One of the best tech experts on YouTube today is Curtis Judd, and he took a deep dive into his very nice streaming setup. Of course, you could just pick up a webcam or use the one built into your computer. If that is all you want you probably aren’t going to bother watching this video anyway. This is some serious equipment and not exactly for beginners, though Judd does throw in some tips for beginners.
To do live streaming well, you need a camera. Of course. If you have a camera like the Canon C200 Judd is using, that will do an amazing job. Basically any camera with an HDMI or SDI output will do the trick.
They will also be loads better than any webcam. Some camcorders and professional cameras will even offer built-in streaming options for connecting directly to computers too. If you are looking to upgrade your camera that is something to keep an eye on.
The next step in the streaming journey is a capture device (if your camera doesn’t have direct connection capabilities). Judd opts to use the Blackmagic Design ATEM Mini, which functions as both a switcher and capture card.
It takes four HDMI inputs and allows for simple control over the output which is then sent to a computer over USB. Alternatives to the ATEM are simple capture devices – things like the UltraStudio Mini Recorder or AJA U-TAP.

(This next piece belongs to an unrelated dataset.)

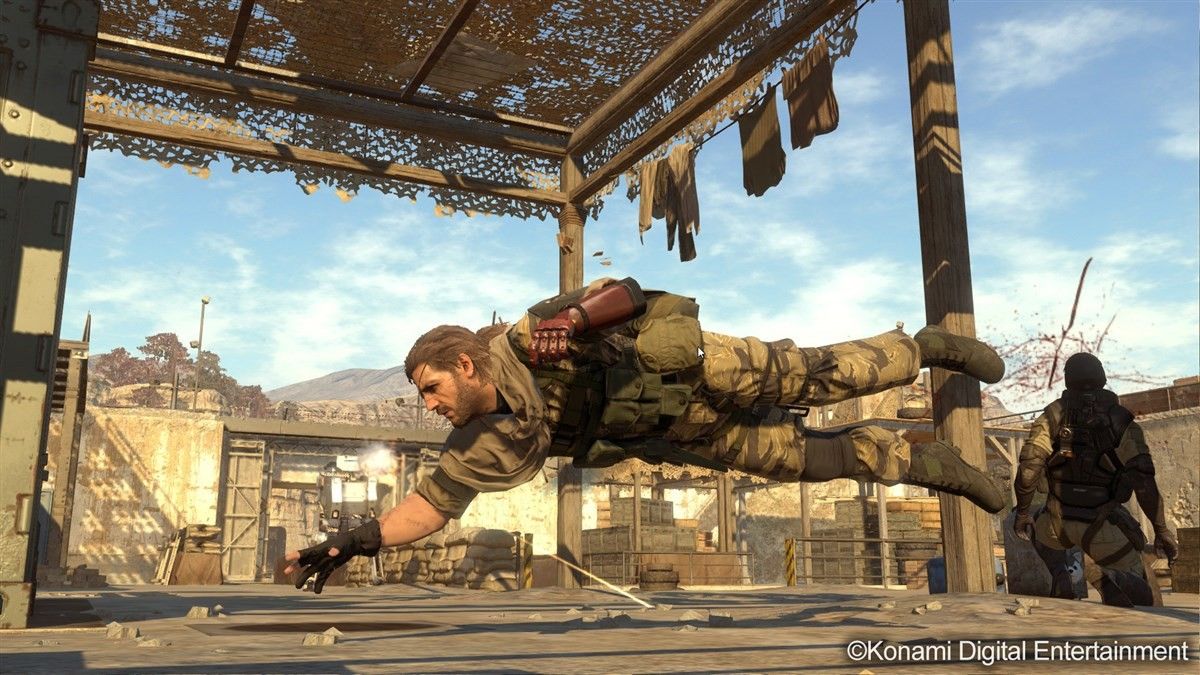 Game METAL GEAR SOLID 5 Definitive Edition (PS4)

Audio is one of Judd’s specialties, and it is serious on his streams. He uses a Shure SM7B connected to a Sound Devices MixPre, two quite impressive options for audio recording. Dedicated audio recorders have distinct benefits over just going into the camera, usually in terms of quality.
There is a lot more gain before noise creeps in and the limiters are top-notch. Also, a MixAssist feature automatically turns down the gain on audio inputs when people aren’t talking for and even cleaner mix.

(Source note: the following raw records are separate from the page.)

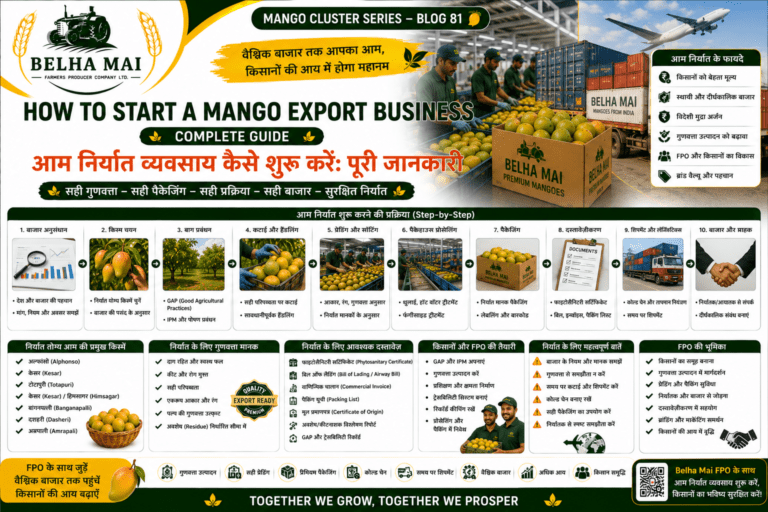 How to start a mango export business with grading packaging documents and shipment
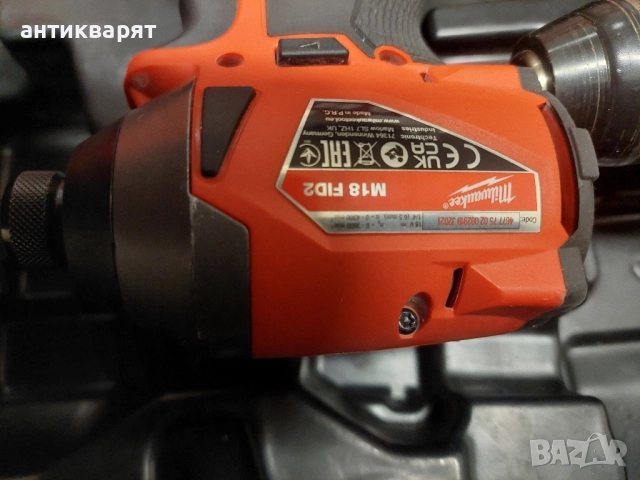 Milwaukee милуоки, снимка 15 - Други инструменти - 52127966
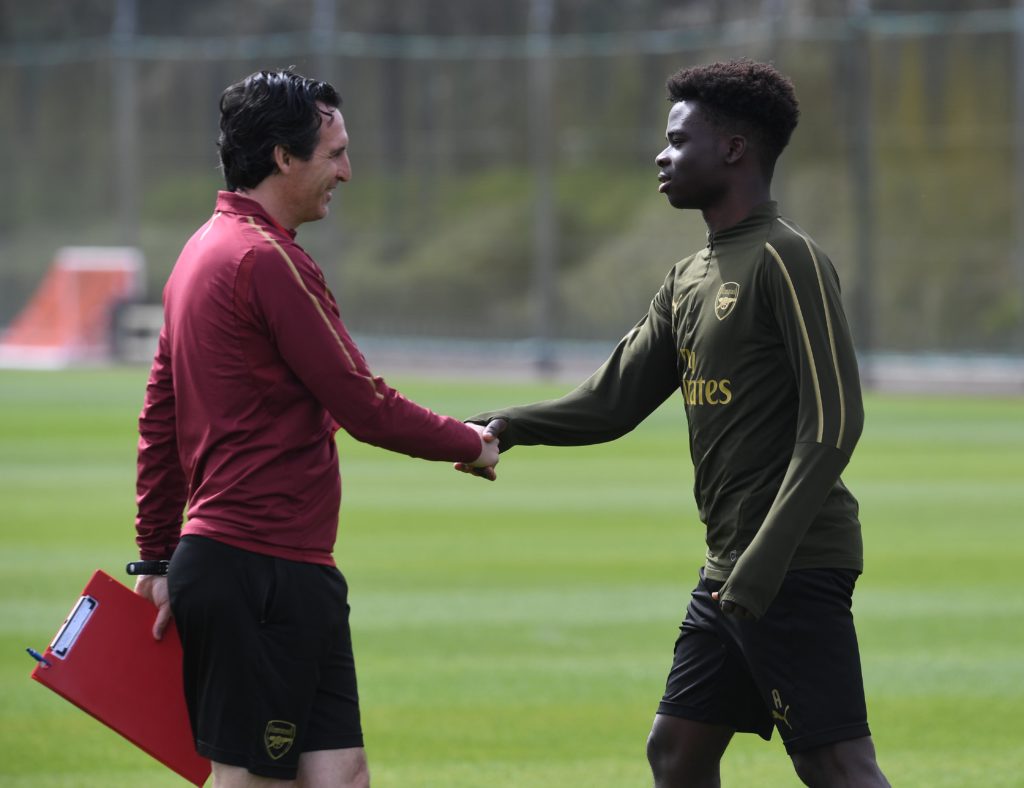 Arsenal Training Session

For getting audio into your stream, you can do it a few ways. The first is to take advantage of the MixPre’s audio interface mode. Judd’s approach is to send the MixPre’s output to the C200 to ensure that the audio remains synced. This will be harder since the video will take longer to send out than the audio will and can make it lose sync quite easily.
An affordable alternative is a USB mic, like the Rode NT-USB Mini. You will need to apply an audio offset in your streaming app. Testing this before you go live will be critical. By recording a test stream with a clap or other visual and audio signal, you can take that into your NLE and find out how many frames it is off by to set your offset. You can also just use a regular headset or another mic that goes directly into your computer if that is all you have.

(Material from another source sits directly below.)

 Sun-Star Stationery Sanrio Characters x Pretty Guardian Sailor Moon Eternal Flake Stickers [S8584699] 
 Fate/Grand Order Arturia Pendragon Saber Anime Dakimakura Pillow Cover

Single camera/audio solutions are the best for getting started. Once you get into multiple camera and mic territory the amount of equipment will multiple, as will your need for control. Streaming software can handle a good bit, but dedicated switchers and audio interfaces will make things easier.
Streaming software is the final solution as it will take all these various inputs from cameras and audio interfaces and put them all together into a format that all streaming sites like YouTube, Facebook Live, Twitch and others.
One recommended, and free, choice is OBS Studio. Paid for options include streamlabs, vMix, and Ecamm Live, which is a Mac only app that Judd uses. Ecamm is his choice because it is simple and has features like pulling the YouTube chat into the stream as a lower third.
One thing that isn’t absolutely necessary but is super useful is lighting. Judd has a serious setup with a soft light up front to light him and the products, a lamp in the background to add some ambiance, and color lights for a splash of color in the background.
This is a professional setup designed for real cameras, webcams differ in how they expose and want a more even lighting situation to avoid blown highlights and crushed shadows.
Once you actually get streaming working, Judd recommends beginners upgrade one piece at a time instead of going all-in on your setup. You can quickly spend a lot for a serious setup, but if you decide to keep going all the necessary gear will find its way into your kit eventually.